Live or recorded audio description (AD) is increasingly available as an assistive supplement to film, television and the performing and visual arts. AD is a form of intermedial translation which provides visual information in non-visual ways. It is primarily intended for blind and partially blind beholders (although I argue that it can have benefits for everyone). Whilst much important work exists on the value and use of AD as an inclusive assistive technology, little scholarly attention has thus far been paid to the ethics of the language choices made by audio describers. Current guidelines, where they exist, encourage audio describers to “say what they see” in order to produce objective and neutral description. Yet we know that language is never neutral. Every language act implies a choice, or set of choices on the part of the describer, and these choices, which often reveal hitherto unacknowledged value judgements on the part of the describer, will inevitably influence the beholder’s understanding of the thing described. This paper will draw on research conducted as part of the 2019 “Describing Diversity” project to ask how human characteristics, including race, ethnicity, body shape, disability and gender can be evoked in ethical and equitable ways. By exploring what is at stake in the description of normative and non-normative bodies, we will attempt to define what “ethical audio description” might look like, and investigate how this new kind of social-justice-inspired access model can and should work to foreground the paradoxical invisibility of unmarked normativities such as whiteness and non-disability.

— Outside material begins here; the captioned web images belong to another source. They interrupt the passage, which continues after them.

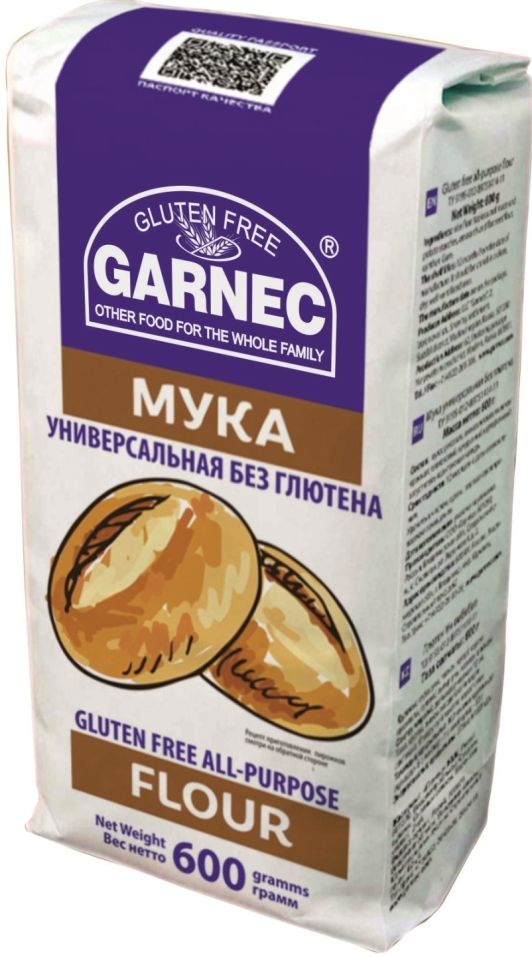 Мука Garnec Универсальная без глютена 600г - купить с доставкой в Vprok ...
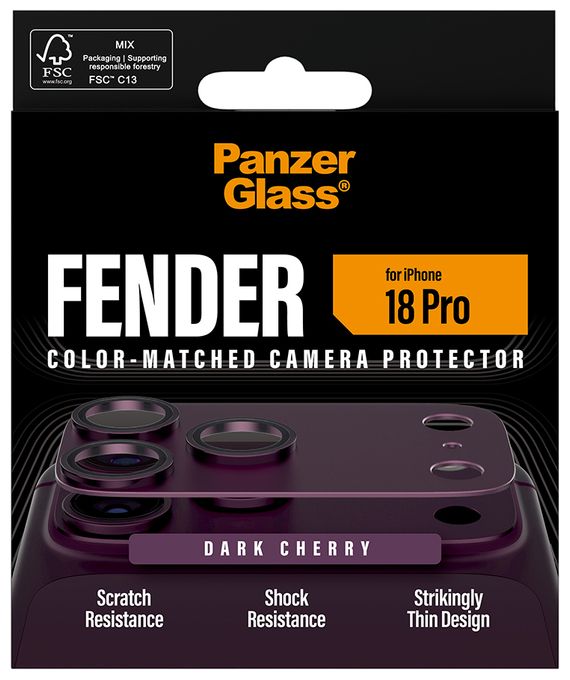 PanzerGlass® Fender Kameraschutz Dark Cherry iPhone 18 Pro 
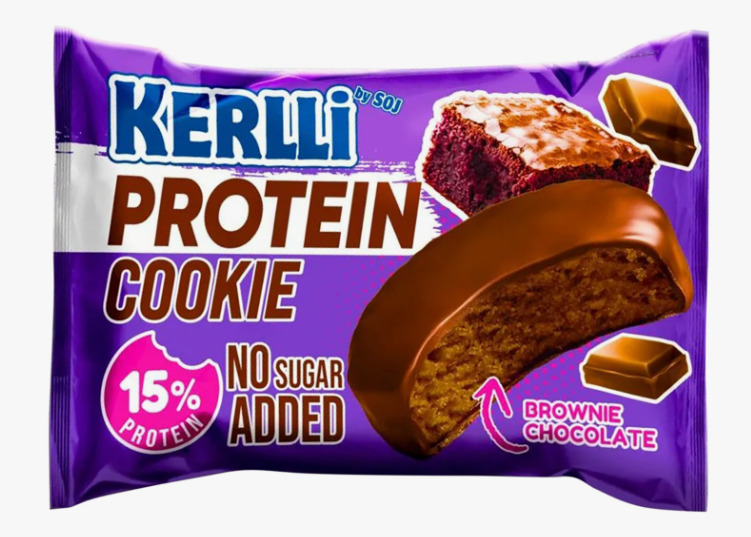 Печенье протеиновое глазир. «KERLLI» со вкусом брауни без сахара 45г (4б*12шт)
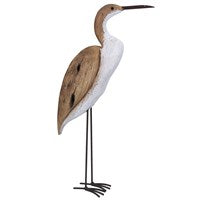 Large Rustic Wood Heron Figure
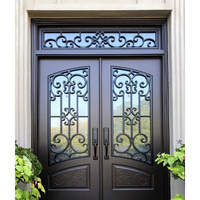 Porte d'entrée moderne en fer forgé ATMOS avec inserts en verre, design anti-effraction et pare-balles pour villas et hôtels
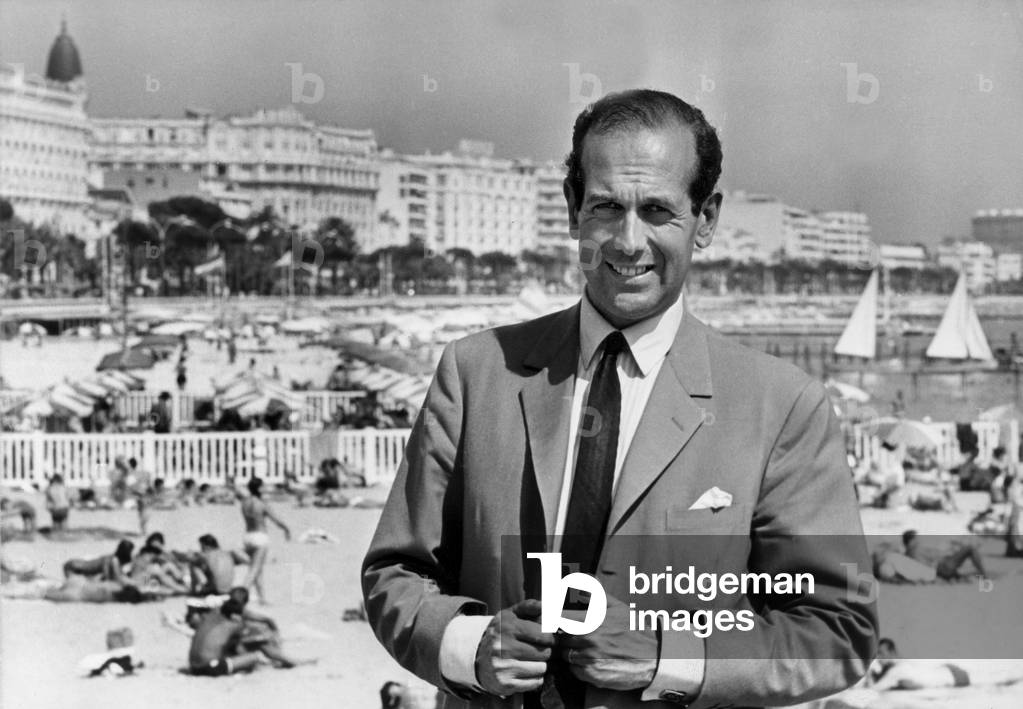 Olivier Giscard D'Estaing (Brother Ofvalery Giscard D'Estaing) in Canes, France, June 1968 (b/w photo)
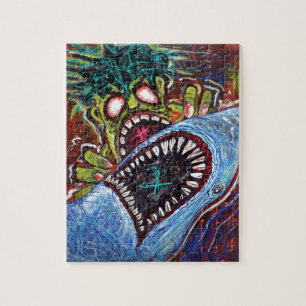 Zombie Shark Fight Jigsaw Puzzle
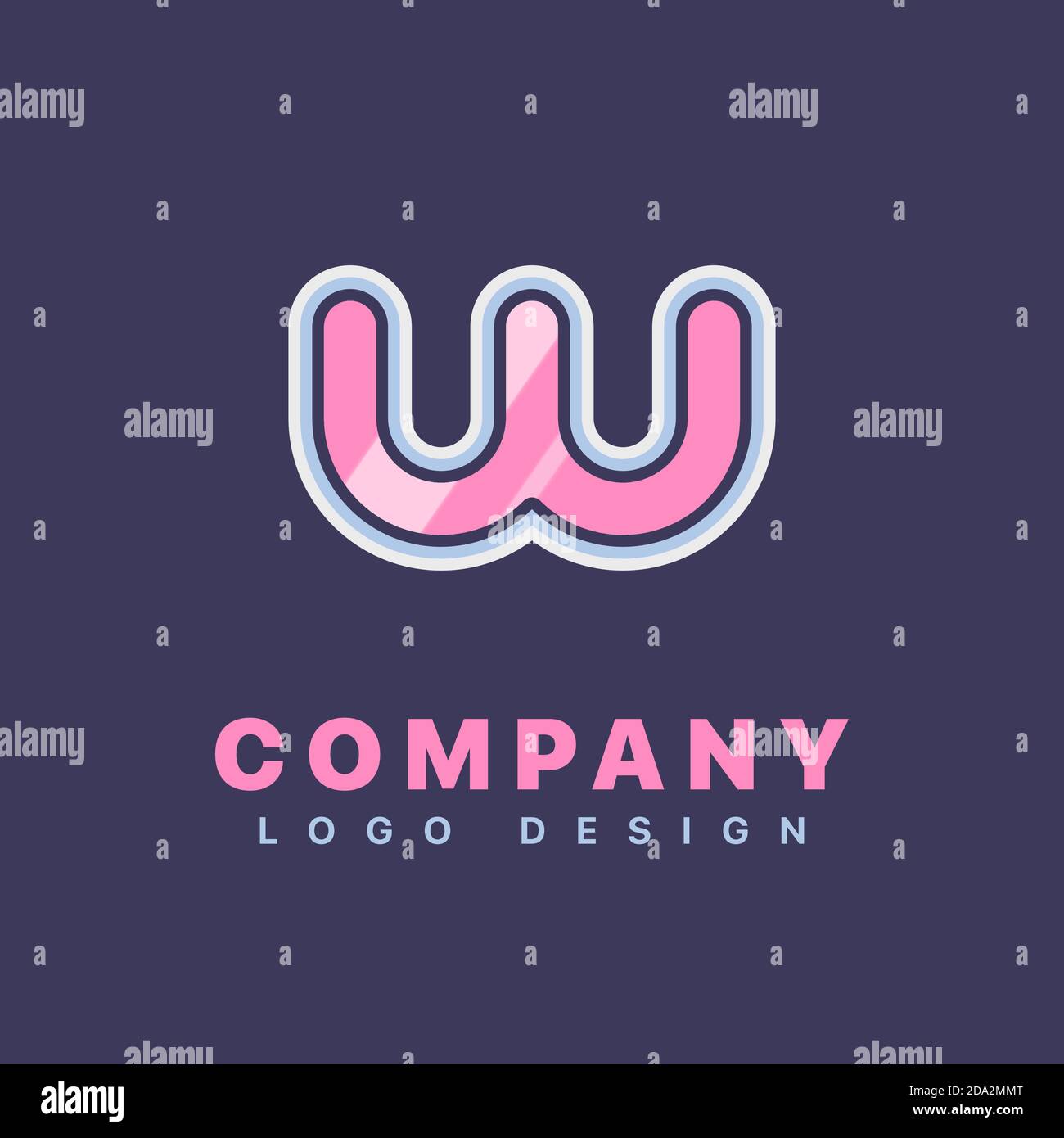 Letter W logo design template. Company logo icon Stock Vector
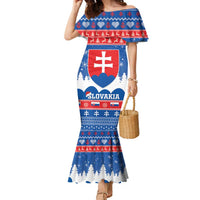 Slovakia Christmas Family Matching Mermaid Dress and Hawaiian Shirt Vesele Vianoce - Coat Of Arms - Wonder Print Shop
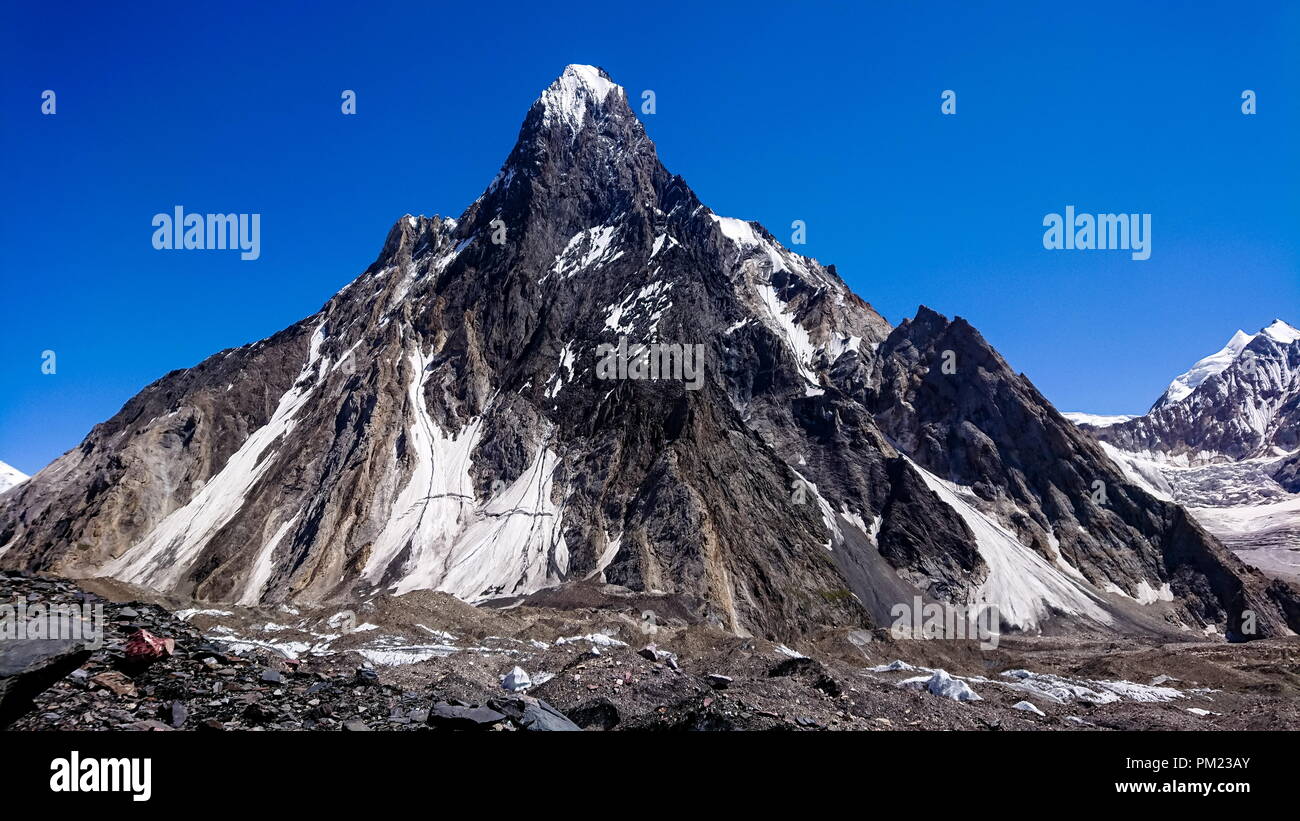 Gasherbrum mountain massif and Mitre peak, K2 trek, Gilgit Baltistan, Pakistan Stock Photo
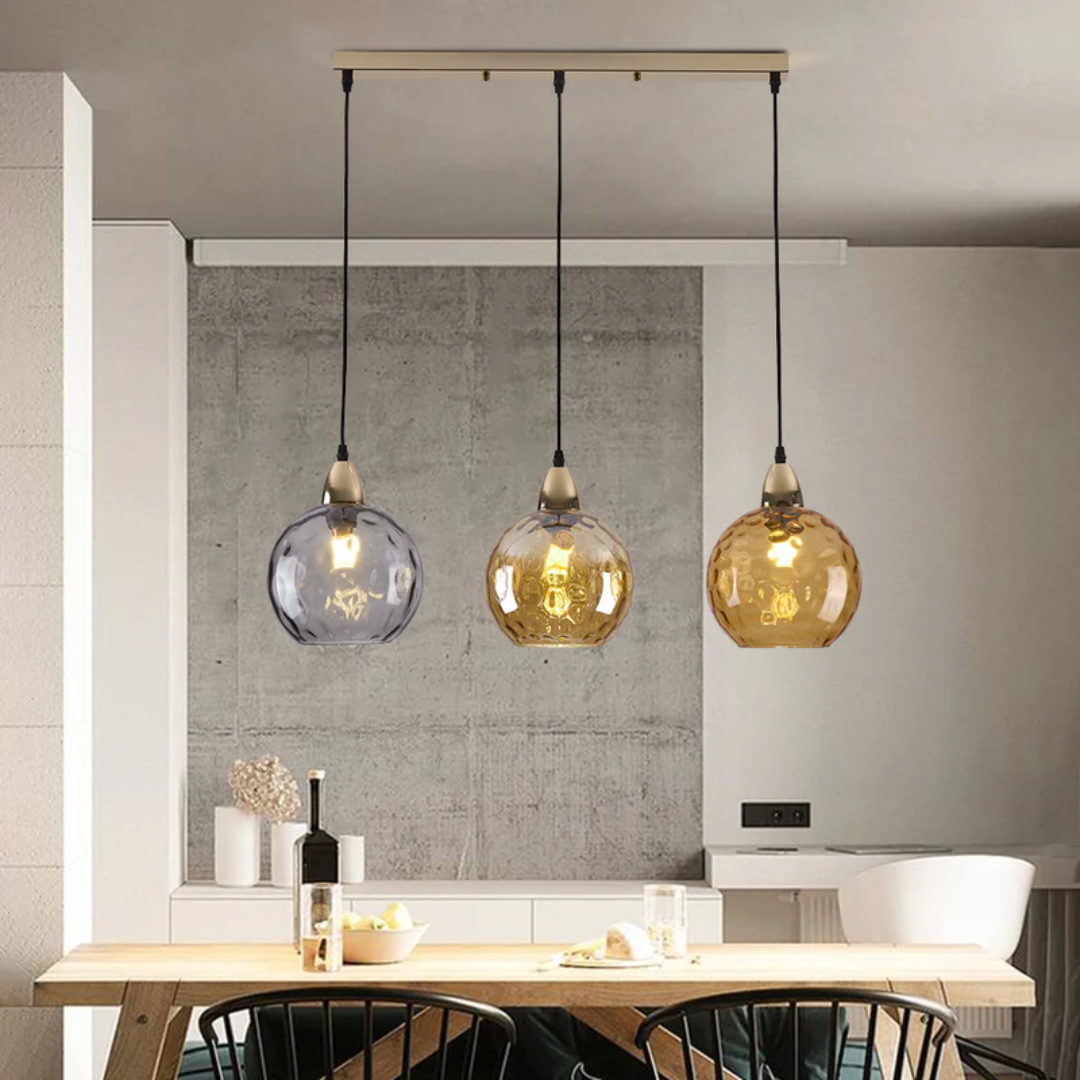 Modern 3 Light Glass Cluster Pendant Light E27 LED Water Ripple Shade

This presentation starts from 21 secs to 21 mins 11secs.
Presenter

Hannah Thompson is a partially blind academic and activist. She is Professor of French and Critical Disability Studies at Royal Holloway, University of London, UK where she specializes in nineteenth- and twentieth-century French literature and the visual arts, translation studies and audio description.
Hannah is currently one of 10 AHRC Equality, Diversity and Inclusion Fellows, and is working on creative audio description in museums, art galleries and theatres. She writes about her experiences as a partially blind person in a resolutely visual world on her blog Blind Spot.